Both SQL Server and SQL Azure have a procedure cache which is used to improve the performance of queries on the server. This blog post will talk about how the procedure cache works on SQL Azure.
SQL Azure has a pool of memory that is used to store both execution plans and data buffers. This pool of memory is used for all databases on the physical machine, regardless of owner of the database. Even though the pool is across all databases on the machine, no one can see execution plans that they do not own. The percentage of the pool allocated to either execution plans or data buffers fluctuates dynamically, depending on the state of the system. The part of the memory pool that is used to store execution plans is referred to as the procedure cache.
When any SQL statement is executed in SQL Azure, the relational engine first looks through the procedure cache to verify that an existing execution plan for the same SQL statement exists. SQL Azure reuses any existing plan it finds, saving the overhead of recompiling the SQL statement. If no existing execution plan exists, SQL Azure generates a new execution plan for the query.
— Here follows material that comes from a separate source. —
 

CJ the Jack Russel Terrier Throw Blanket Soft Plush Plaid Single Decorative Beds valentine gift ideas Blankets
An instance of a database running on SQL Azure is called a replica; there are three replicas of any one database running at a given time. One replica is considered the primary replica, all the read and write queries go to this replica. The other two replicas are considered secondary, any data written to the primary replica is also written to the secondary replicas. If the primary replica fails, needs to be cycled for updates, or there is a load balancing operation, then a secondary replica is promoted to the primary.
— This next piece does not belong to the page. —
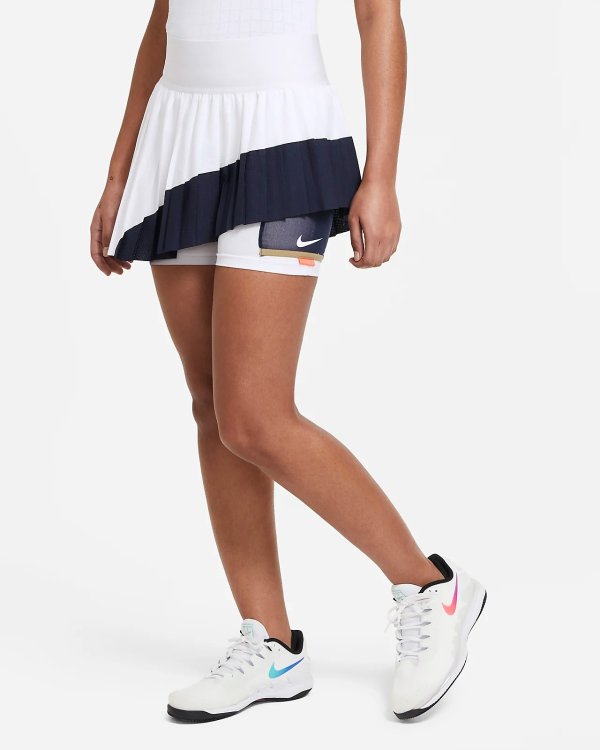 网球不对称短裙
Each replica resides on different physical machines which are on separate fully redundant racks. Because, procedure cache is on a per server basis, if the primary replica fails/cycled, when the secondary is promoted there are no query plans for that database in the procedure cache.
SQL Azure keeps track of performance statistics for every query plan in the cache. You can view these statistics for your database queries using the dynamic managed view (DMV) sys.dm_exec_query_stats like so:
For a more details example, see this blog post, I showed how to find queries with poor I/O performance by querying sys.dm_exec_query_stats.
sys.dm_exec_query_stats only reports statistics for the primary replica for your SQL Azure database. If a secondary is promoted to the primary, the results from sys.dm_exec_query_stats might be much different, just seconds later. Queries in the cache might suddenly not be there, or execution counts could be smaller, typically you would see them grow over time.
Execution plans remain in the procedure cache as long as there is enough memory to store them. When memory pressure exists, SQL Azure uses a cost-based approach to determine which execution plans to remove from the procedure cache.
SQL Azure removes plans from the cache, regardless of the plan owner; all plans across all databases existing on the server are evaluated for removal. There is no a portion of the memory pool set aside for each database. In other words, the procedure plan cache is optimized for the benefit of the machine not that individual database.
SQL Azure currently doesn’t support DBCC FREEPROCCACHE (Transact-SQL), so you cannot manually remove an execution plan from the cache. However, if you make changes to the to a table or view referenced by the query (ALTER TABLE and ALTER VIEW) the plan will be removed from the cache.
In many ways the procedure cache work much like SQL Server; SQL Azure is built on top of SQL Server. However, there are some differences and I hope you understand them better now. Do you have questions, concerns, comments? Post them below and we will try to address them.
What if another database or databases on the same server have many inefficient stored procedures? Doesn't that reduce the liklyhood that some of my moderately expensive procedures will be cached thus reducing the performance of my procedures? Is there any balancing to ensure the databases on the same server as a hog of a database get a certain minimal level of caching to keep them performant as well?
Michael: Caching is down for the overall performance of the server, there is no minimal level of caching per database. However, the procedures are not removed from the cache based on how inefficient they are it is based on the query compile cost. Balancing is performed on each replica, and replicas are moved based on database usage compared to other databases on the machine. So in essence your database is balanced to have a share of the resources; however the procedure cache is not reserved per database.
This is a great series of posts on SQL Azure explaining various aspects logically organized. Thanks for this and keep them going :)
Couple of things:
1. I would like to understand the basics of replica. Why we need it? Are the other two instances created automatically? Any link or artical which details on this would be a great input.
2. I think for on-premise version of SQL Server, buffer pool and procedure cache are set at an instance level but not for specific database and same is the way how even SQL Azure works. Am I missing something when I talk about buffer pool and cache management for on-premise version of SQL Server here?
The same sql works 10 to 100 times faster as ad-hoc query than as a procedure. This problem has plagued SQL Server since the beginning but it is far worse on Azure. Are you aware of this, and do you have any suggestions?